Pacifique
La minuscule île du Pacifique répondait mardi aux critiques de l'ONU sur le traitement des réfugiés qu'elle accueille pour le compte de l'Australie

Abyan, c’est un pseudonyme, a enfin quitté Nauru, un confetti de territoire perdu dans le Pacifique où se morfondent un millier de boat people interceptés par la marine australienne. La réfugiée somalienne avait été violée. L’Australie l’avait pourtant réexpédiée à Nauru en octobre dernier, sans qu’elle ait pu mettre un terme à sa grossesse comme elle souhaitait et malgré le risque de croiser son agresseur sur une île de 10 000 habitants. Le destin fracassé d’Abyan illustre le coût humain de la politique de l’Australie, qui sous-traite l’accueil de migrants à d’autres pays peu recommandables.
Mardi, le gouvernement de Nauru passait justement son grand oral devant le Conseil des droits de l’homme. Face aux critiques, la délégation a annoncé que les requérants d’asile seraient désormais libres de leurs mouvements, alors qu’ils étaient auparavant enfermés en attendant que leur sort soit réglé. Ils ne pourront pas aller bien loin: Nauru ne fait que 21 kilomètres carrés. Ils n’iront en tout cas pas en Australie.
Depuis 2012, l’île continent a réactivé sa «solution du Pacifique». Une politique radicale qui vise à intercepter tous les immigrants clandestins avant qu’ils n’atteignent les côtes australiennes. Ils sont ensuite transférés à Nauru, à Manaus, une île au large de la Papouasie-Nouvelle Guinée ou sur l’île de Christmas, un territoire australien.
«Une politique qui marche»
Le nouveau premier ministre australien, le libéral Malcom Turnbull, ne compte pas changer cette pratique. «Soyons absolument clairs: les gens sur Nauru ou Manaus ne seront pas réinstallés en Australie.
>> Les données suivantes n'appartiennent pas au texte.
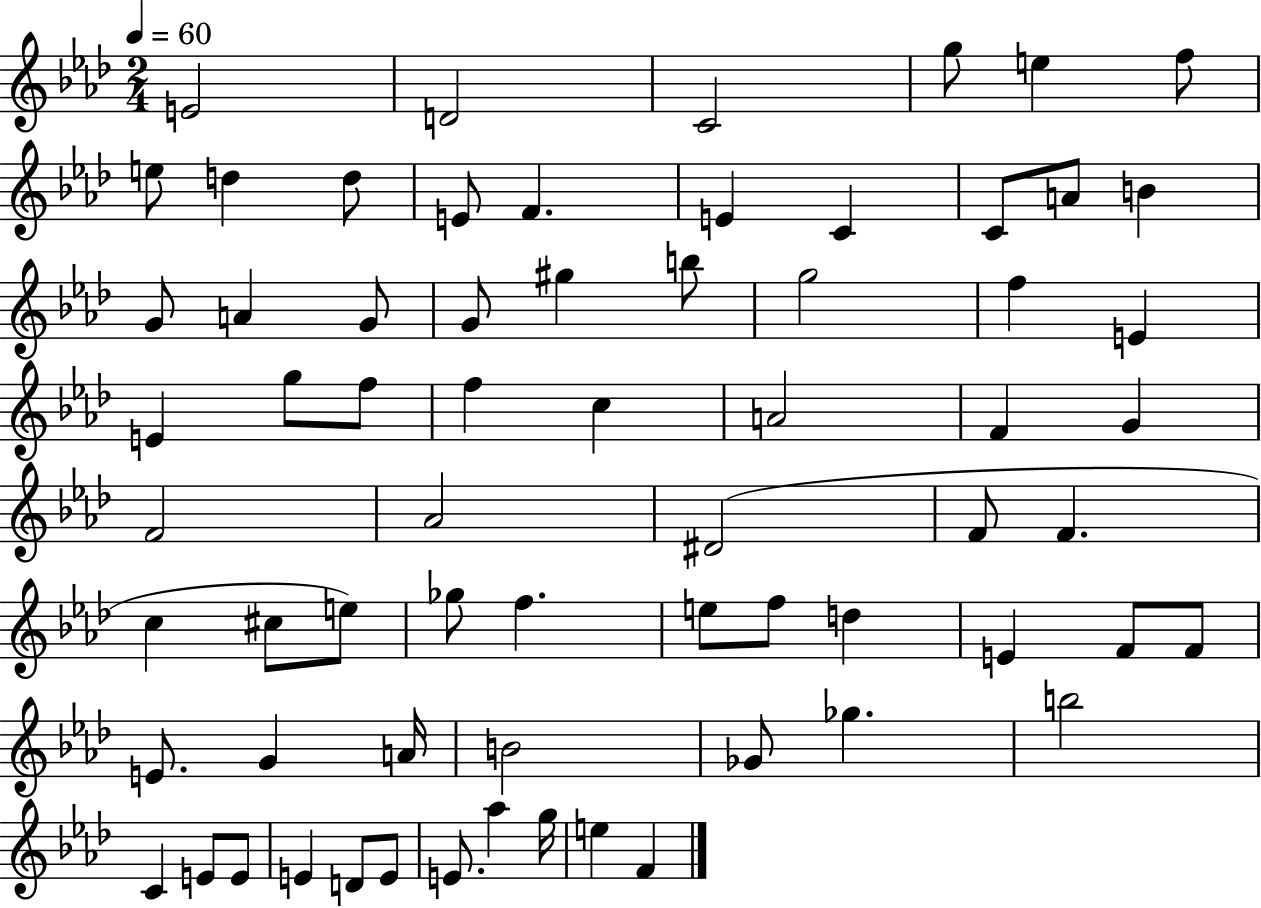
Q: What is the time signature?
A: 2/4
C’est une politique sévère mais elle a marché», a-t-il déclaré en septembre, alors qu’il venait d’éjecter du pouvoir son rival de parti Tony Abbott.
L’Australie se targue d’avoir évité depuis 2012 tout naufrage en mer, contrairement à l’hécatombe en Méditerranée. La classe politique est quasi unanime sur ce point et se félicite d’avoir cassé le «business model» des passeurs en dissuadant les migrants de venir en Australie.
«Non seulement, cette politique est moralement indéfendable, mais elle n’a fait que déplacer les flux migratoires vers l’Europe», réagit David Camroux, professeur de sciences politiques au CERI à Paris. Selon ce Franco-Australien, la «solution du Pacifique» serait difficilement transposable. N’en déplaise à l’ancien premier ministre Tony Abbott qui était à Londres la semaine dernière pour convaincre les Européens d’adopter le modèle australien.
«Il n’y a que cinq kilomètres entre la Turquie et l’île de Lesbos en Grèce, pointe David Camroux. De plus, la politique australienne coûte cher: plus d’un milliard de dollars par an pour la société privée qui gère les camps de transit offshore. Sans compter la mobilisation de la marine australienne, qui n’a pas hésité à payer des passeurs pour qu’ils rebroussent chemin vers l’Indonésie. «Tout cela est devenu très impopulaire et je pense que Malcom Turnbull souhaiterait fermer les Guantanamo de l’Australie», estime le professeur.
«Les envoyer sur Mars»
Canberra cherche des pays d’accueil. Un accord a été conclu avec le Cambodge en septembre 2014, mais malgré les millions de dollars versés à Phnom Penh, seuls cinq réfugiés y ont été transférés. L’Australie songe désormais au Kirghizistan. «Nous pourrions les envoyer sur Mars», a récemment ironisé un député vert.
En attendant, les réfugiés sont condamnés à errer sur l’île exsangue de Nauru. Pour combien de temps? Le gouvernement de Nauru, qui se substitue à l’Australie en échange de quelques rentrées financières, n’en a aucune idée. «Tout dépendra des décisions prises à Canberra», reconnaît Charmaine Scotty, l’une des cinq ministres de Nauru. «Les réfugiés créent toutes sortes de problèmes. Les associations qui les défendent leur ont fait miroiter l’Australie, alors ils sont fâchés.»
Nauru était pourtant l’un des pays les riches du monde. Mais l’île a exploité jusqu’à la moelle ses gisements de phosphate. Ces ressources qui avaient fait sa fortune font aujourd’hui sa ruine. Les seules terres encore cultivables bordent l’océan. Elles sont désormais à merci de la montée des eaux.